» Prompt
The answer must consist only of the lines from the line with "Joyce | Women's" to the line with "Poster, Art Print", both included, exactly as they stand below.

» Data extract
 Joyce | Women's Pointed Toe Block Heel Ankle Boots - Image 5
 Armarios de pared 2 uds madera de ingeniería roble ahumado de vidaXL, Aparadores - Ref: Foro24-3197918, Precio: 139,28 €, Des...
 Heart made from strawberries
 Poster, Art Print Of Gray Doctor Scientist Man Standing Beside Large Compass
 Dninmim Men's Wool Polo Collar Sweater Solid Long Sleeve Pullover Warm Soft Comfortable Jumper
...
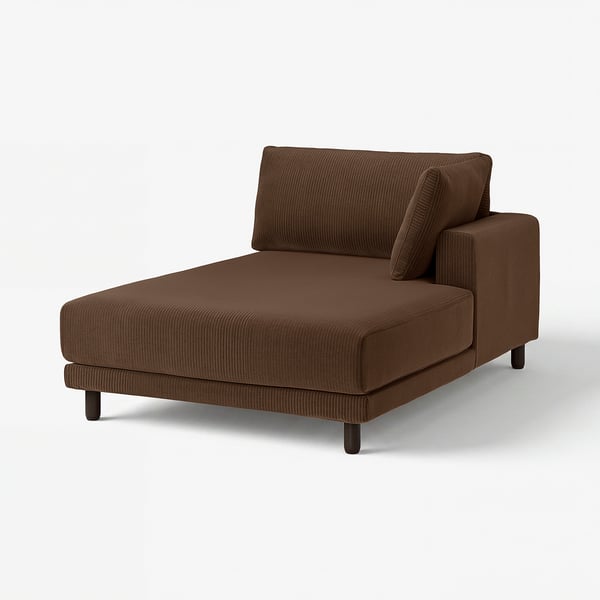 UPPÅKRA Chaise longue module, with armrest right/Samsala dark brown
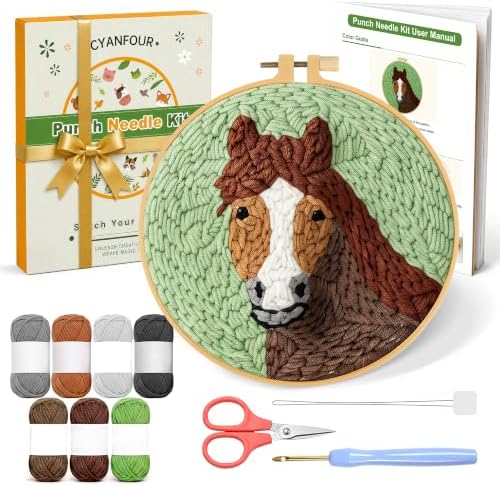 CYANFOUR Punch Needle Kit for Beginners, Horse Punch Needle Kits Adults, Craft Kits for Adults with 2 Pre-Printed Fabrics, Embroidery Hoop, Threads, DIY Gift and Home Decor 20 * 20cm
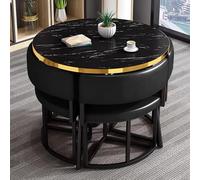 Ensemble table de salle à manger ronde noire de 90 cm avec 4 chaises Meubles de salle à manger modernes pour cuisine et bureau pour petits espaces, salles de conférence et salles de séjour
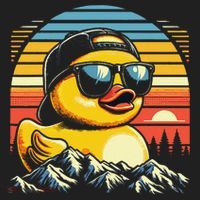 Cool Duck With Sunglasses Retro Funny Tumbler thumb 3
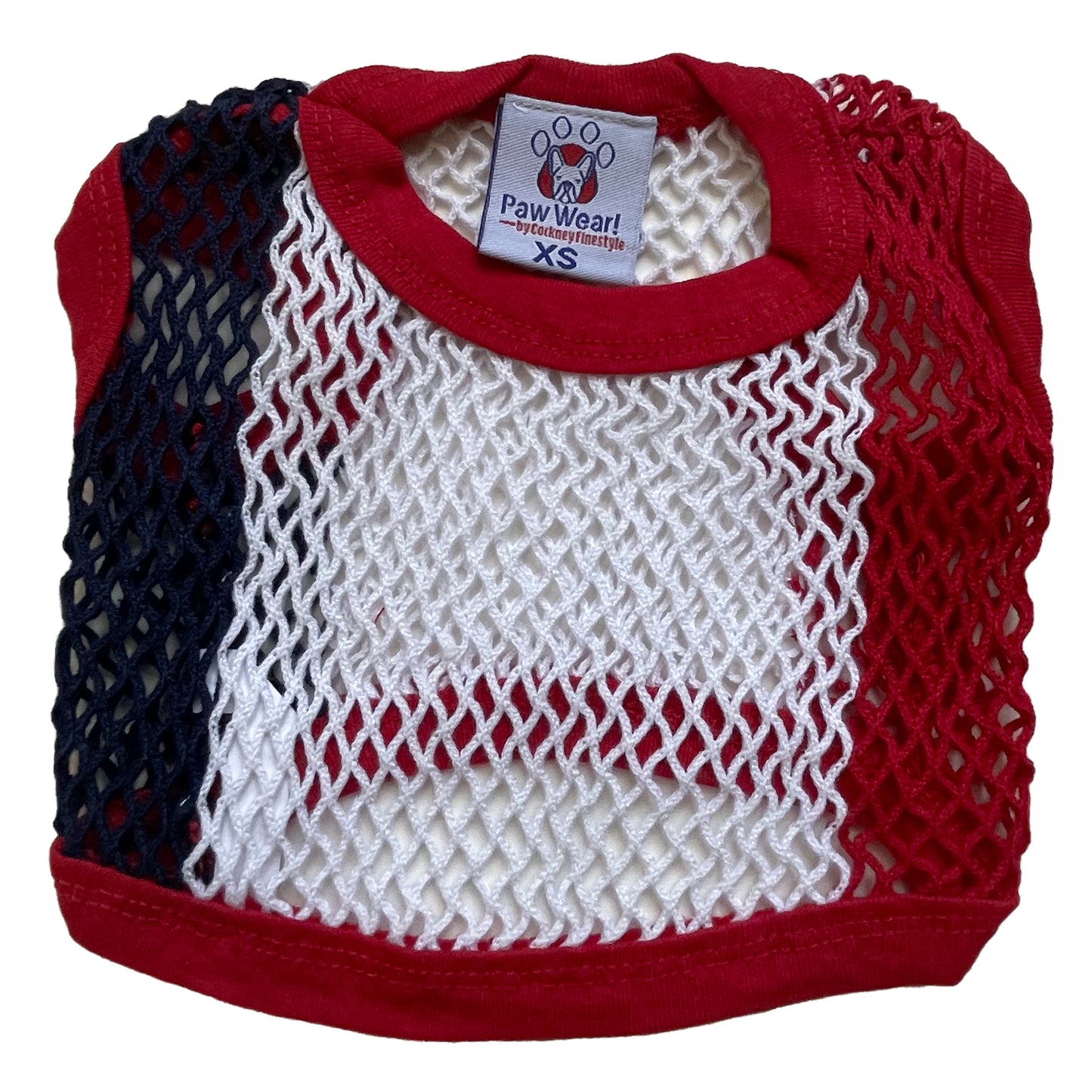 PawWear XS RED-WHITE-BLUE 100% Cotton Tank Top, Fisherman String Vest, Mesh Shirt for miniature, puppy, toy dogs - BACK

» Task response
 Joyce | Women's Pointed Toe Block Heel Ankle Boots - Image 5
 Armarios de pared 2 uds madera de ingeniería roble ahumado de vidaXL, Aparadores - Ref: Foro24-3197918, Precio: 139,28 €, Des...
 Heart made from strawberries
 Poster, Art Print Of Gray Doctor Scientist Man Standing Beside Large Compass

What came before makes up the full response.